Healthy aging is associated with structural and functional alterations in the brain and declines in multiple facets of motor performance such as balance, fine motor skills and motor coordination. Inhibitory processes are essential for optimal brain function and undergo age-related alterations that may account for these behavioral deficits. Specifically, the inability to successfully modulate corticospinal excitability has been linked to declined motor performance in older adults [1]. In this regard, a key role is played by gamma-aminobutyric acid (GABA), i.e. the main inhibitory neurotransmitter.
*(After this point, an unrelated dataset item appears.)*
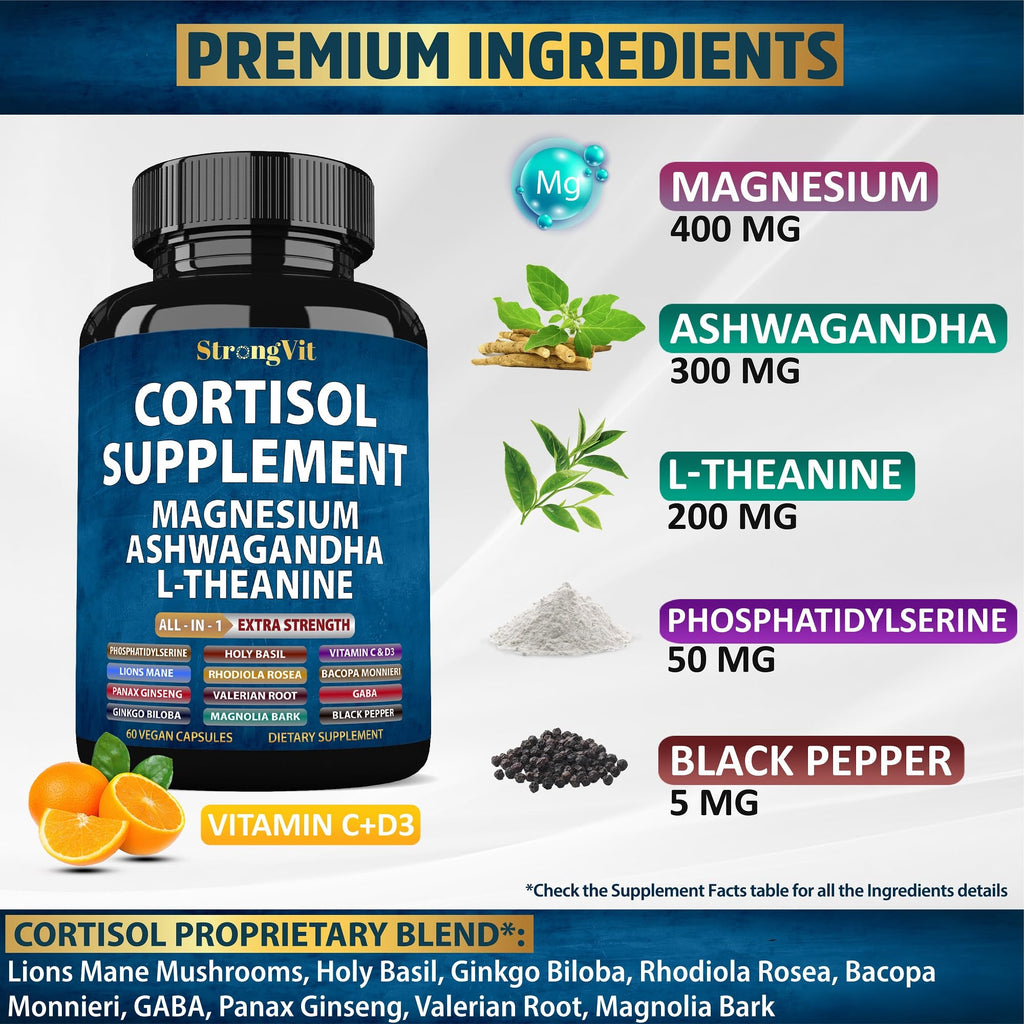 StrongVit Cortisol Supplements for Women and Men with Magnesium, Ashwagandha & L-Theanine. High Cortisol Reducer, Manager, Detox, Lower and Control. Sleep Support & Stress Relief, USA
To demonstrate the importance of GABA in human movement control, complementary neuroimaging as well as non-invasive brain stimulation techniques can be employed to unravel age-related alterations in inhibitory function.

On the one hand, GABA levels can be regionally quantified in vivo using magnetic resonance spectroscopy (MRS). Multiple MRS studies point towards an age-related decline in GABA levels, correlating with degraded motor performance as well as poor cognitive functioning. In terms of measurement of age-related changes in GABA levels using MRS, a major question of interest is whether brain structure alterations need to be considered. More specifically, the identification of age-related decreases in GABA level in the brain seems to be dependent on whether loss of gray matter is considered in the quantification of GABA levels or not [2]. Besides improvements in measurement techniques, more insight into the reliability of MRS-based measures over time as well as differences in GABA levels across areas covering the cortical-subcortical territory across the lifespan is warranted. Furthermore, GABA modulation is a critical entry point for the emergence of neuroplasticity. More specifically, a reduction in GABA level is associated with training-induced motor plasticity. The question remains whether and how GABA modulation can be facilitated in the brains of older adults to promote lifelong plasticity.
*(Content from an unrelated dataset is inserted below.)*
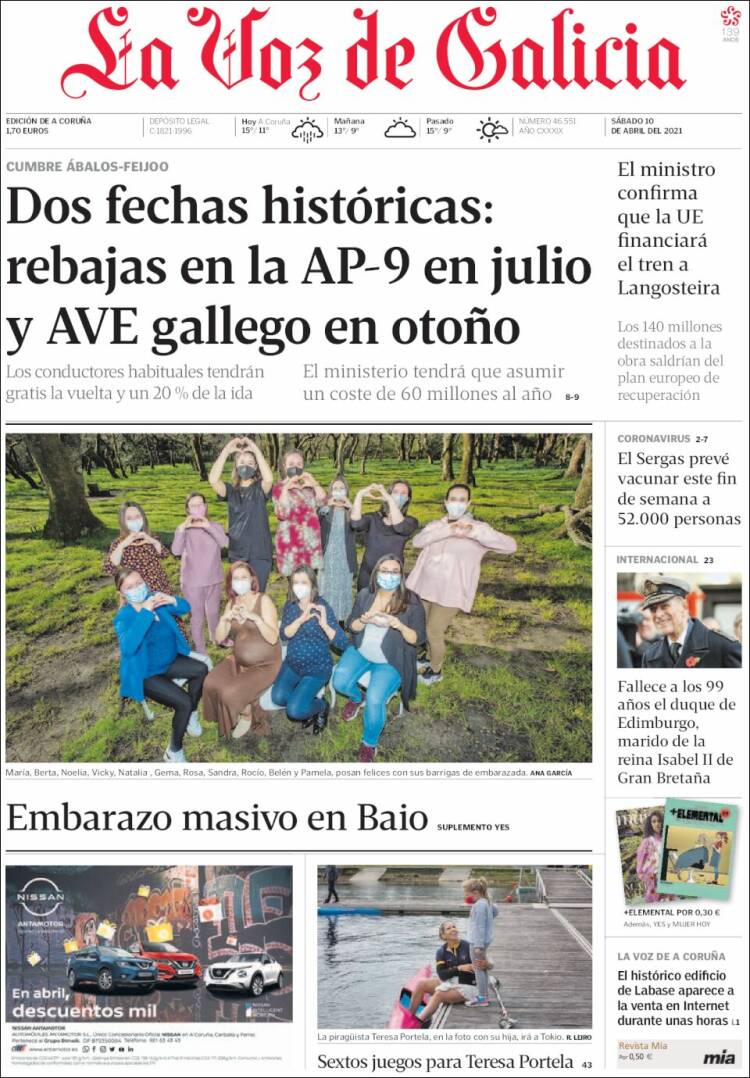 Portada de La Voz de Galicia (España)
Alternatively, noninvasive brain stimulation techniques (such as transcranial magnetic stimulation, TMS) provide tools to study the functional status and task-related modulation of two major receptor subtypes, i.e. GABAA (fast acting ionotropic) and GABAB (slower acting metabotropic), mediating inhibition at shorter and longer time scales, respectively [3]. Motor evoked potentials (MEPs) provide a peripheral window into the central dynamic balance between inhibition and facilitation. Although most studies demonstrate age-related declines in both GABAA and GABAB-mediated inhibition within the primary motor cortex (M1), a minority report no age-related differences or even increased inhibition in older as compared to younger adults [4]. Interestingly, the ability to modulate GABAA-ergic inhibition appears related to motor performance in older adults [5]. Notably, MRS-obtained GABA levels do not seem to correlate with TMS-obtained measures of GABAergic inhibition [4] and this requires further investigation to unravel their unique contribution to brain function and behavior.
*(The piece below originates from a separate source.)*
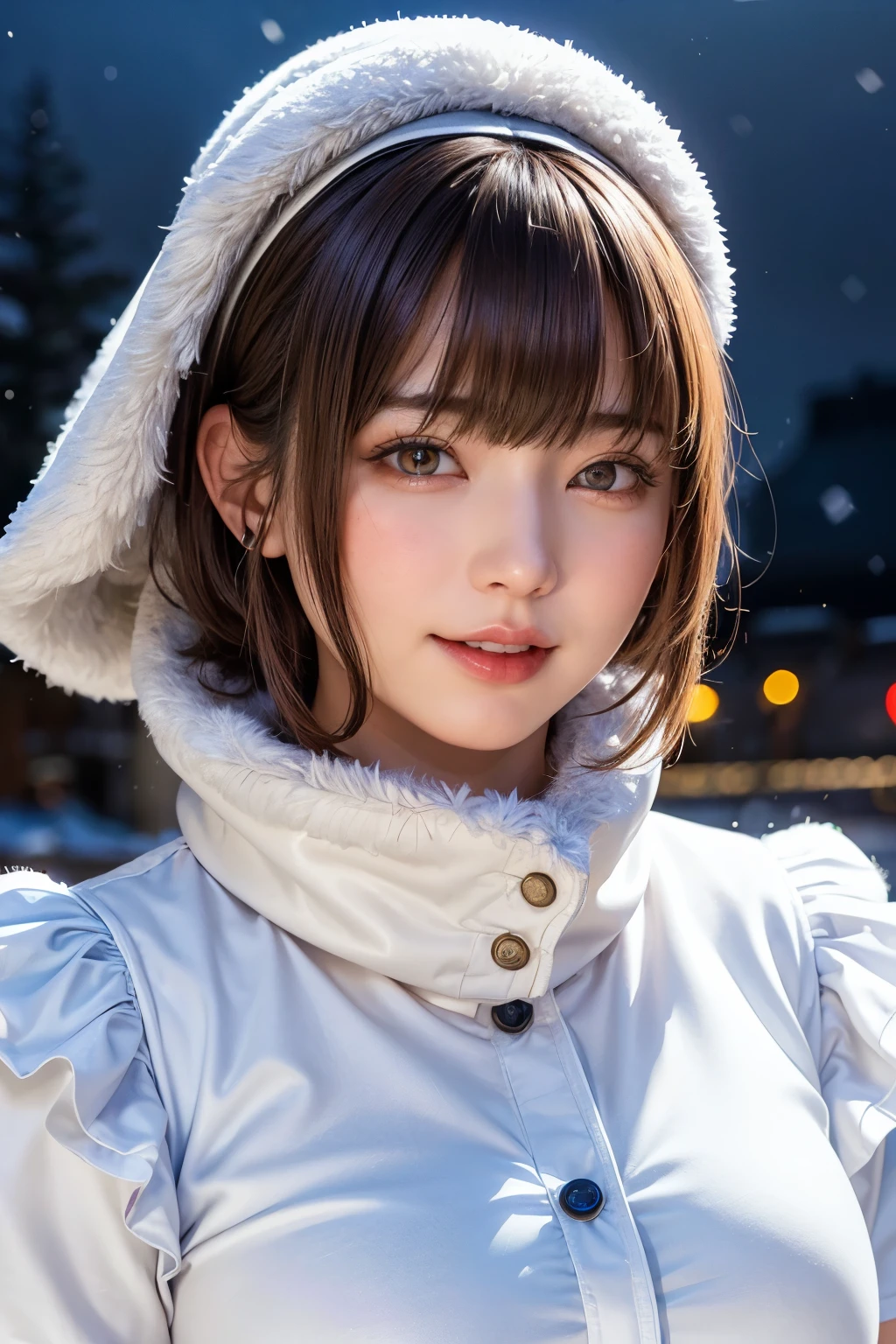 (masterpiece, Highest quality),One Girl, alone, Black-haired, scarf, Have, Realistic, Realistic, Looking at the audience, Light-coloured black eyes, Short brunette bob, Brown coat, Winter clothes, White headscarf, lips, prohibit, Plein Air, Mouth closed, Upper Body、Big eyes、eyelash、((Beautiful night scenery with sparkling snow falling、Large snowflake motif、A beautiful, empty, snowy night scene、Snow Scene))、(((Short bob hair with bangs、Shiny Hair、Big eyes、large full chest、Highlights the eyes、Gazing at the audience、Beautiful beauty、Listen carefully、Long neck、Laugh a little、Please close your mouth and laugh、Ideal body type)))、{Huge|big|Hugeな|Mega} chest:2, chestの谷間:2、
Alternative brain stimulation techniques allow scientists to reach beyond the motor cortical network to determine inhibitory mechanisms at work across the broader cortical territory. One area that has received prominent attention concerns the use of transcranial direct or alternating current stimulation (tDCS, tACS) to probe dynamic effects on GABA level in particular brain areas and their associated cortical networks [6]. More research is warranted to establish the conditions under which stimulation effects can be obtained in older adults and how individual differences in brain status mediate these effects.

Another recent development enabling exploration of the broader cortical territory for the study of inhibitory function is TMS combined with electroencephalography (EEG). With this technique TMS-evoked EEG potentials (TEPs) can be measured, characterized by a wave with peaks at shorter and longer latencies reflecting GABAA- and GABAB-mediated inhibition, respectively. Preliminary work has shown an age-related deterioration of GABAA-mediated inhibition in the prefrontal cortex, whereas other studies have shown GABAB-mediated inhibition within M1 to increase with advancing age [5,7].

Future research is warranted to shed light on the relationship between different methodologies as well as the exact relationship between GABA-mediated processes and behavioral performance across the lifespan. In this regard, besides focusing on GABA-mediated inhibitory processes alone, a promising avenue is to also consider measures of glutamate (i.e. the main excitatory neurotransmitter) and other neurochemical compounds to elaborate on the balance between excitatory and inhibitory processes in relation to (degraded) motor performance. Furthermore, increased methodological consensus for both MRS and TMS measures of inhibition will be instrumental to allow comparisons among studies and to identify convergent aging mechanisms. We anticipate that scientists will become increasingly involved in revealing the mysteries of inhibitory function in the aging brain and its consequences for behavioral function and neuroplasticity.